You can also combine multiple range conditions on array fields:
{
"query": { "match_all": {}},
"filters": {
"include": {
"and": [
{ "range": { "sizes": { "gte": 7.0 }}},
{ "range": { "sizes": { "lte": 10.0 }}}
]
}
}
}
Boolean filters¶
You can combine multiple basic range and term filters together into a more complicated boolean expression using and, or and not filter types from the boolean family. Each of these filter types takes a list of other filters as an argument:
{
"query": {"match_all": {}},
"filters": {
"include": {
"and": [ "<filter 1>", "<filter 2>", "..." ]
}
}
}
For example, to match documents with multiple field values at once, you can define the following query:
{
"query": { "match_all": {}},
"filters": {
"include": {
"or": [
{ "term": { "color": "red" }},
{ "term": { "color": "green"}}
]
}
}
}
Nesting of boolean filters is also possible:
{
"query": { "match_all": {}},
"filters": {
"include": {
"and": [
{"range": { "price": {"gte": 100}}},
{
"or": [
{"term": {"color": "red"}},
{"term": {"color": "green"}}
]
}
]
}
}
}
Geolocation filters¶
With a geopoint datatype, you can filter by a geo_distance and geo_box predicates.
Distance filters¶
With a distance query, you can include/exclude documents being within a distance from a point. Query example:
{
"query": { "match_all": {}},
"filters": {
"include": {
"geo_distance": {
"field": "<field_name>",
"lat": 1.0,
"lon": 2.0,
"distance": "1 km"
}
}
}
}
Following distance units are supported:
- Millimeters:
mm,millimeters,millimeter - Centimeters:
cm,centimeters,centimeter - Meters:
m,meter,meters - Kilometers:
km,kilometer,kilometers - Inches:
in,inch,inches - Feet:
ft,foot,feet - Yards:
yd,yard,yards - Miles:
mi,mile,miles
Bounding box filters¶
With a bounding box query, you can include documents laying within a specific rectangle.
{
"query": { "match_all": {}},
"filters": {
"include": {
"geo_box": {
"field": "<field_name>",
"top_left": {"lat": 1.0, "lon": 2.0},
"bottom_right": {"lat": 3.0, "lon": 4.0}
}
}
}
}
Filters and lexical/semantic search¶
Nixiesearch relies on Lucene logic to handle filter execution:
- for lexical search include/exclude filters are fused together into a single Lucene query, doing filtering and ranking in a single pass.

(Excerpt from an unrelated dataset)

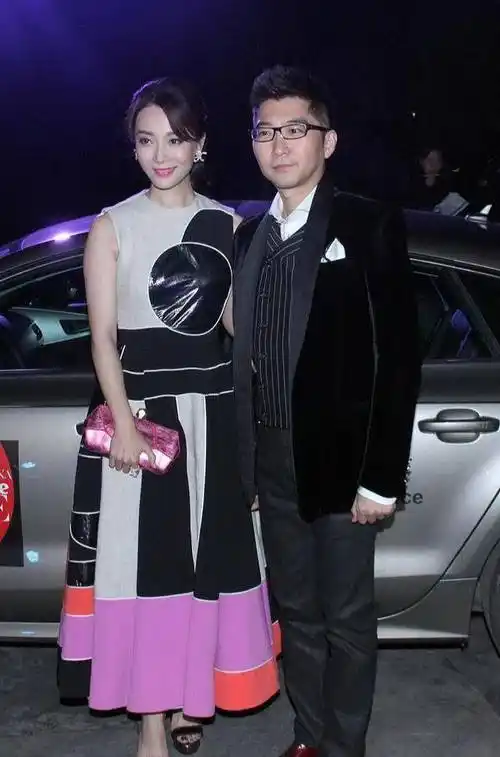 陈数罕见和老公合体亮相,穿无袖拼接连衣裙,造型简约之中透高级_时尚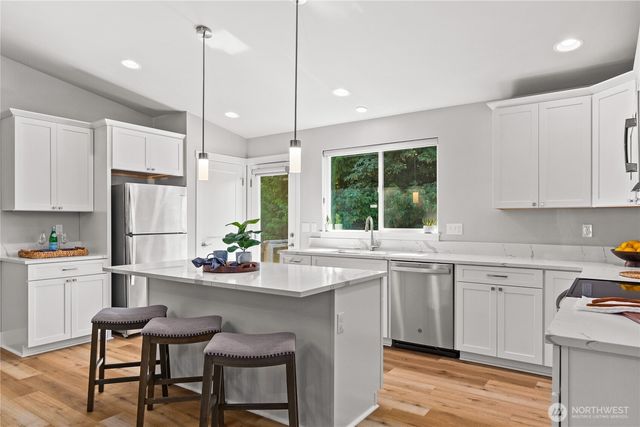 9804 Windward Drive NW, Olympia, WA 98502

- for semantic search filter behavior is selected at run-time based on filter coverage estimation.
Narrow filters (e.g. selecting only small amount of documents) are defined as pre-filters and executed before the query. Wide filters (e.g. selecting a lot of documents) are executed as post-filters after the main search query. This adaptive behavior is made for performance reasons.